Six weeks into the Masters programme for Online Journalism and the students have impressed. But something else happened that only perhaps other lecturers/teachers will recognise, they gave something back. Perhaps it was not so overt. We opened up the web further to look at redesigns and spoke about Gillmore.

How can we influence that which has not been made. Part of Gilmore's book about We Media is about projection. Yes it looks back at a scholarly timeline of the media, but it only serves to ask: what now?

In examining, The Mirror, Telegraph, The Sun, The Times et all, a couple of things are emerging.

Sites are becoming more televisual- that was bound to happen see blog/article here from two year back.

But also some pros are sensing a greater cleaness about design. Under the bonnet that's CSS, but the aesthetic is more scandanavian, than Brit or even US/Chinese - which tends to favour portal dense sites.

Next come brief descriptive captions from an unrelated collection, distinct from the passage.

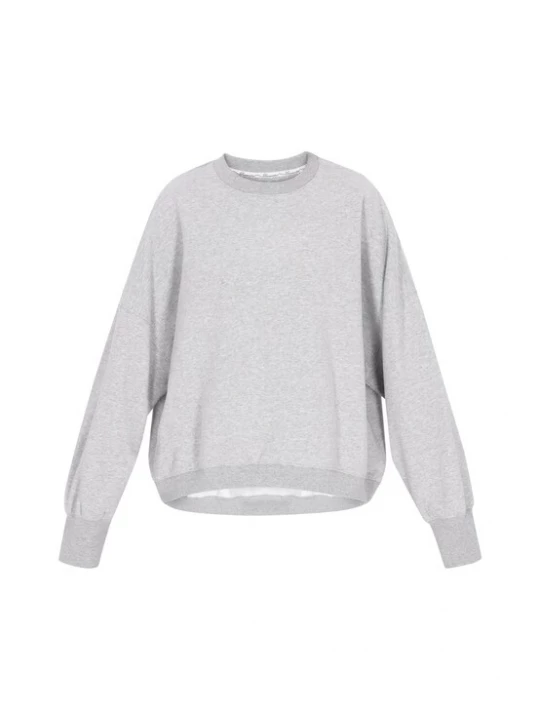 Foto van product DreiMaster Vintage Sweatshirt 'Vintage' lichtgrijs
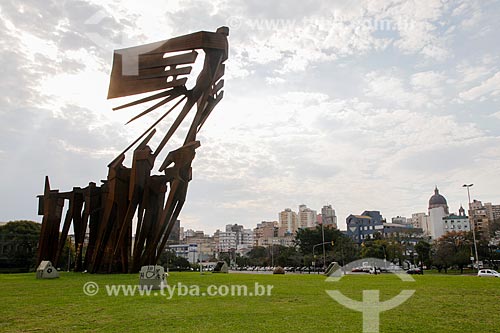  Monumento aos Acorianos (Monument to the Azores)  - Porto Alegre city - Rio Grande do Sul state (RS) - Brazil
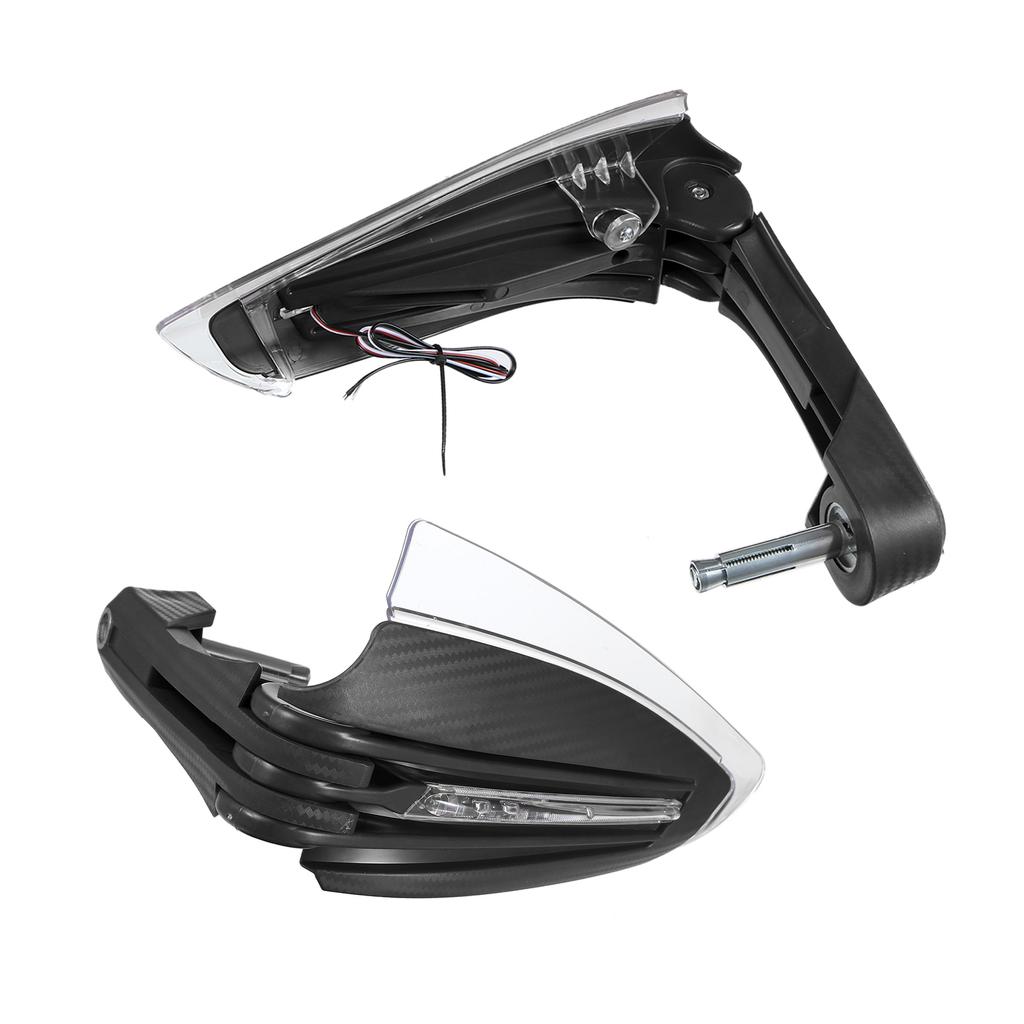 Мотоциклетные поручни, универсальная водонепроницаемая защита от падения и ветрозащита со светодиодной подсветкой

Opening a site means using spatial colours. In selling a house, marrigold, according to a recent survey in Britain from Estate agents is preferable. It creates the illusion of space.

Space, weight and symmetry are the parameters, and more, that hold the grid for design together.

So late last night I looked to change some of these parameters on my own site.

The colour has been one I have long admired and once purchased a suit from the excruciatingly expensive but de rigour designer, Ozwald Boateng. There's something about pastel, what I call offset colours. The Times has executed that brilliantly with the lime green colour scheme it now employs for its new site.

So what do you think? The classic black - which will always have a place - and the hexidecimal 6600cc colour.

Also without making the site any more dense with images, it's now occurred to me there can be a far greater use of the front page with a popularity index and further links highlighting blogs.

Having said all that I will want to on occasion revisit the predominant panoramic quadrants, but am also aware that the new structure sets up a natural hiearchy.